## Data excerpts
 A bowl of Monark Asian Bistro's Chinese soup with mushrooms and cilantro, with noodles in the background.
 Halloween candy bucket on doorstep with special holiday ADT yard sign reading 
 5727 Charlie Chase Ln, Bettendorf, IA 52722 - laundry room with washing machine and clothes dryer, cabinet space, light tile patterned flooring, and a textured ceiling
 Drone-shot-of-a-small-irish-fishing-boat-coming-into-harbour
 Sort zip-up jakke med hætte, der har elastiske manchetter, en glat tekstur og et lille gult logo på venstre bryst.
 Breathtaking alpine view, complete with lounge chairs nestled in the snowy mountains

## Task description
Extract all of the data above without altering anything.

## Answer for this exercise
 A bowl of Monark Asian Bistro's Chinese soup with mushrooms and cilantro, with noodles in the background.
 Halloween candy bucket on doorstep with special holiday ADT yard sign reading 
 5727 Charlie Chase Ln, Bettendorf, IA 52722 - laundry room with washing machine and clothes dryer, cabinet space, light tile patterned flooring, and a textured ceiling
 Drone-shot-of-a-small-irish-fishing-boat-coming-into-harbour
 Sort zip-up jakke med hætte, der har elastiske manchetter, en glat tekstur og et lille gult logo på venstre bryst.
 Breathtaking alpine view, complete with lounge chairs nestled in the snowy mountains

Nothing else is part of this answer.